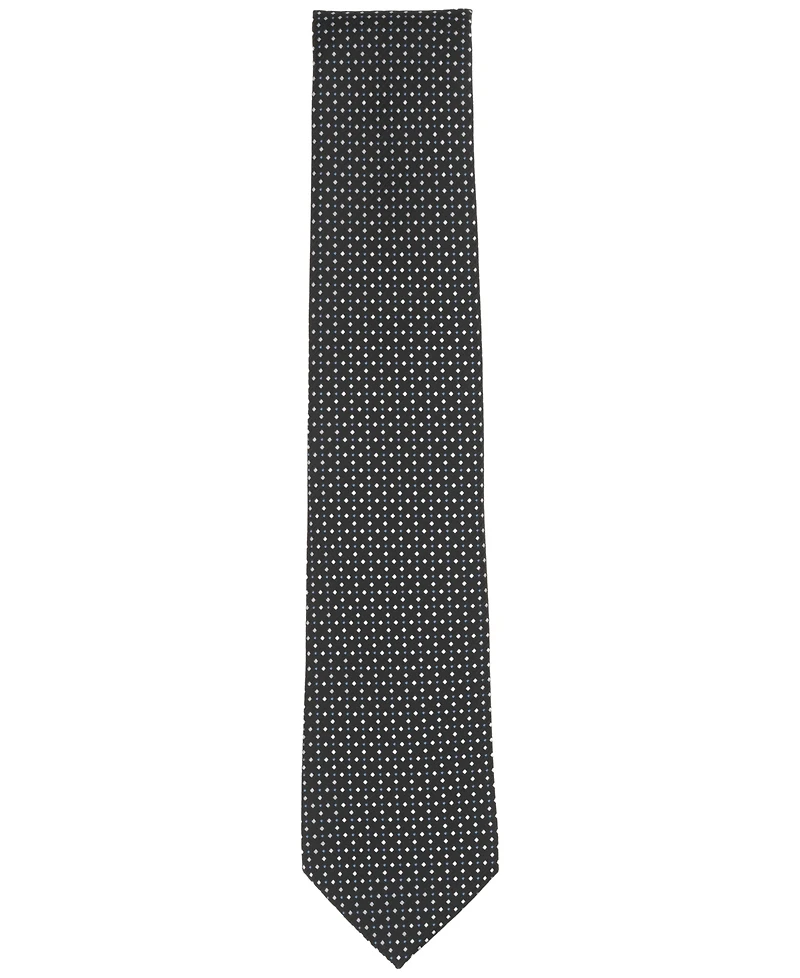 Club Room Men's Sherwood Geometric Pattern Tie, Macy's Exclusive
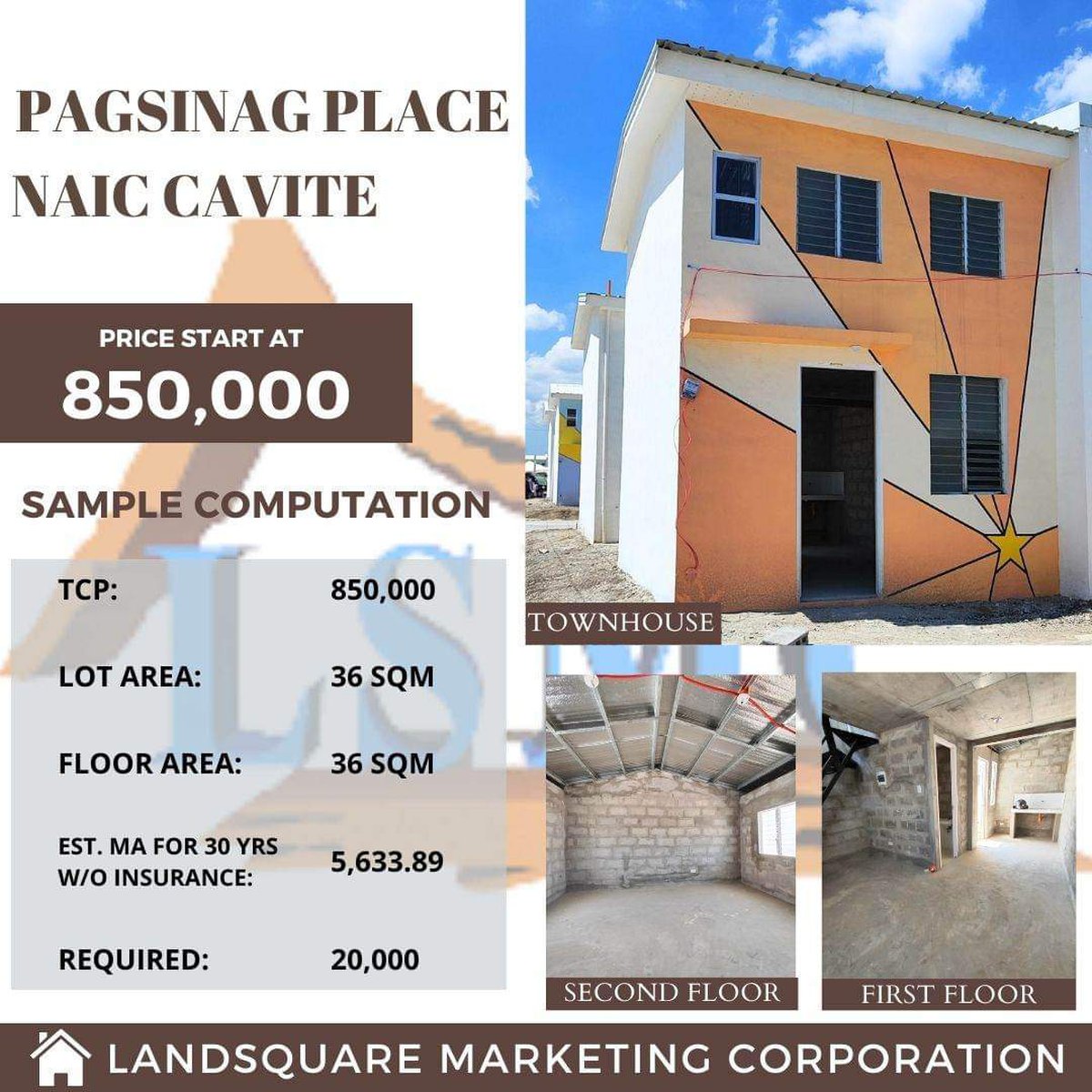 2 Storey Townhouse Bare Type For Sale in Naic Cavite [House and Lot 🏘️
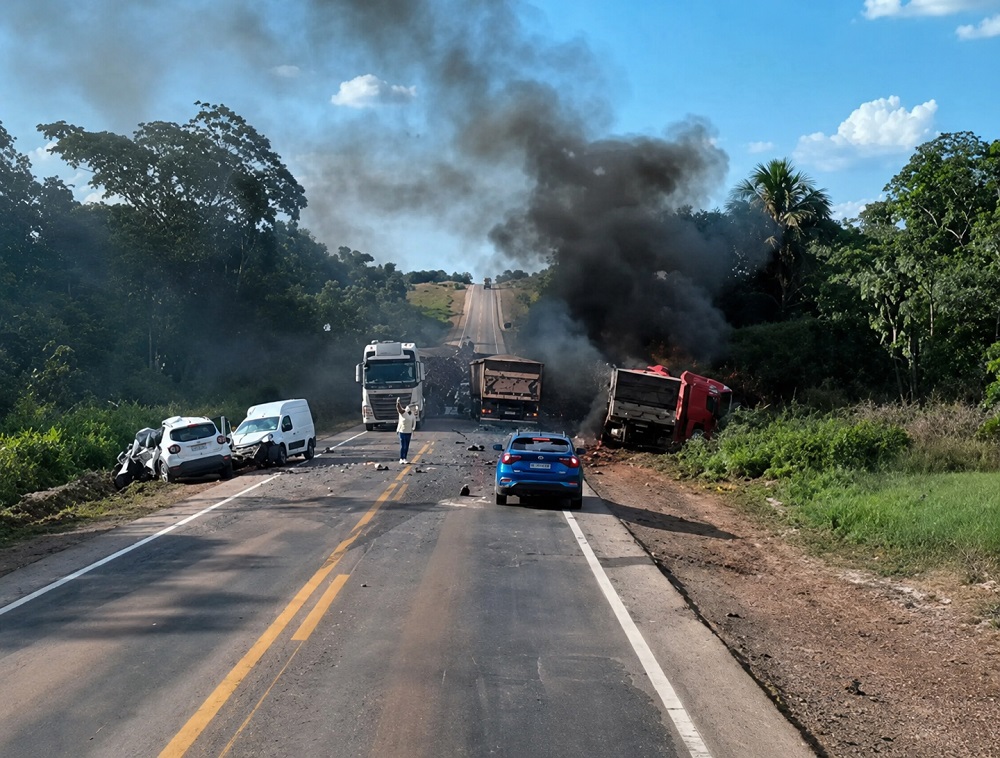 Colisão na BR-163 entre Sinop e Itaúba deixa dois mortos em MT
• • • • •
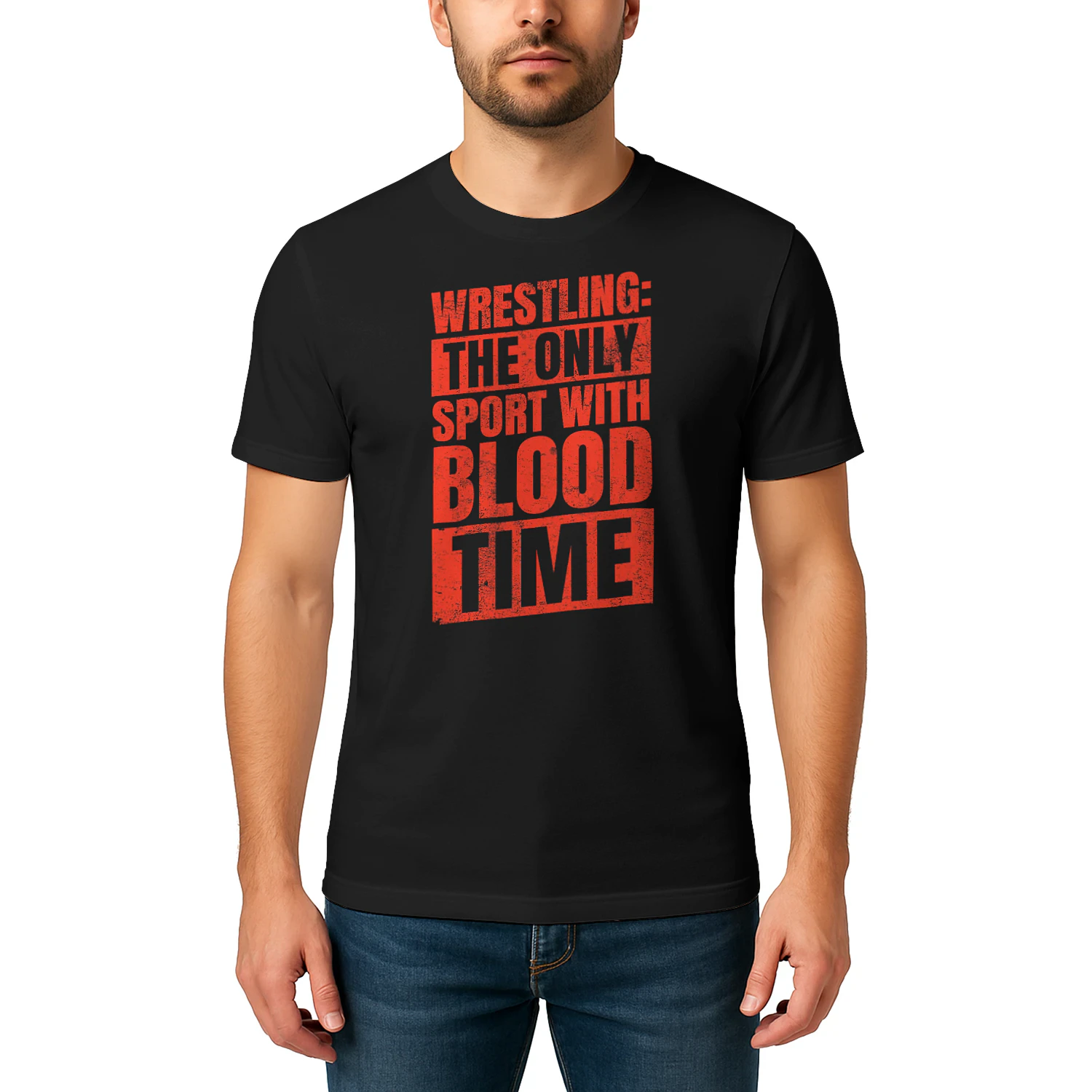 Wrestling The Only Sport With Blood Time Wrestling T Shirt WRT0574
• • • • •
- **TASK INSTRUCTIONS**
Look above for the line with "2 Storey Townhouse", then give again exactly every line from there through the line with "Colisão na BR-163", skipping the pictures.

- **TASK RESPONSE**
 2 Storey Townhouse Bare Type For Sale in Naic Cavite [House and Lot 🏘️
 Colisão na BR-163 entre Sinop e Itaúba deixa dois mortos em MT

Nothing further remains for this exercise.